History of the Vineland School District
The Vineland School District encompasses 33 square miles in rural/agricultural southeast Kern County and is composed of two schools: Vineland Elementary School, which serves students in grades kindergarten through fourth grade; and Sunset Middle School, which serves students in grades five through eight.
The Vineland School District was formed on May 9, 1890, as a one-school district and during its first year of operation had an average daily attendance of fourteen students. Enrollment in the district remained quite small until after 1920 when the beginnings of large-scale agricultural development attracted migrant farm workers to the area. By the 1929-1930 school year, the average daily attendance in the district was 225 students. Ten years later, the average daily attendance rose to 309 students.

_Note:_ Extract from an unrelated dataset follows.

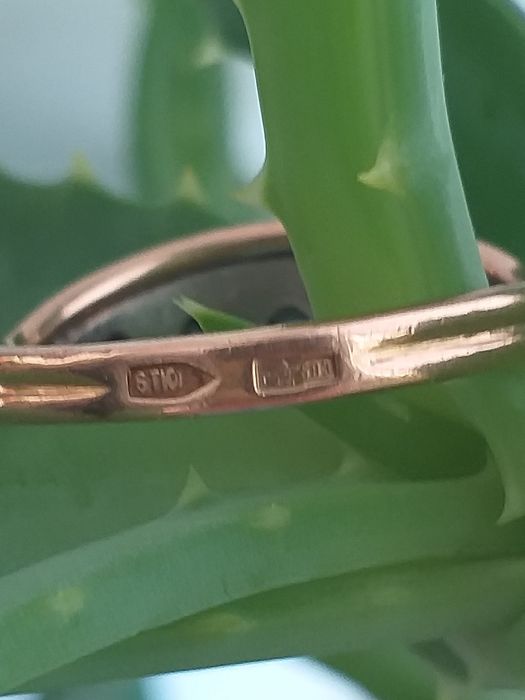 Продаю кольцо серебро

Between April 1935 and December 1936, the federal government’s New Deal Resettlement Administration (RA) had relocated many struggling rural and urban families to planned communities. In 1936, the Works Progress Administration under the auspices of the Farm Security Administration constructed the Arvin Federal Camp and Sunset Labor Camp, which later became known as the Weedpatch Camp to provide affordable housing to thousands of families during the time of the Great Depression and Dust Bowl.
In September of 1940 the Arvin Federal Emergency School was created by then county Superintendent of Schools, Leo B. Hart, to serve the children from a large migrant labor camp that had been established in the area. Located between Arvin and Weedpatch and situated on Weedpatch Highway, it was more commonly referred to as “Weedpatch Camp” by the families who lived there. The “Okie” children from the camp were not given a warm welcome in the nearby public schools and, in fact, were often poorly treated there. Leo Hart, who had been elected county superintendent of schools in 1939, was aware of the problem and determined to find a way to provide for the special needs of these children. He began his efforts by leasing a 10 acre site adjacent to the labor camp and, using the two old condemned buildings on the property to house the “fifty poorly clad, undernourished, and skeptical youngsters,” started the federal migratory school, or, as it came to be called, the Weedpatch School. Renovation of the two buildings and construction of additional facilities was accomplished exclusively by the children and their teachers. They learned the art of making adobe bricks and also how to make shelves, chairs, and even desks. The students dug ditches for water lines and even dug a swimming pool, which was the first public pool in Kern County. Once it became operational, students at the Weedpatch School were offered a curriculum far different from that of other public schools in the area. They learned everything from the practical aspects of agriculture and animal husbandry to airplane mechanics and the cobbling of shoes. During its first year of operation, from September of 1940 to May 1941, approximately 200 students attended Weedpatch School. Its success, due largely to the unique curriculum and a dedicated staff, gained a great deal of favorable attention and before much time had passed, once-hostile members of the community began to express interest in having their own children attend Weedpatch.
The declared emergency that had given birth to Superintendent Hart’s creation could, by law, last no more than five years, and so Arvin Federal Emergency School was forced out of existence in 1944 and was absorbed by the Vineland School District, thus swelling the district’s average daily attendance to over 600 students. The earthquake of 1952 destroyed the one story brick building at Vineland School and all but one of the original buildings on the Weedpatch site. Between 1952-1957 the district reconstructed the two schools’ buildings and renamed Weedpatch School as Sunset School. The bell located at Vineland School was used in two early schools to call children to school for more than 60 years. Average daily attendance remained stable over the next ten years, finally topping the 700 mark during the 1969-1970 school year. However, enrollment fell off considerably in the 1970’s, and by the 1978-1979 school year, the average daily attendance had slipped to just over 500 students. Mild to moderate growth returned in the 1980’s and 1990’s and since the 1995-1996 school year the average daily attendance has held steady between 700-800 students.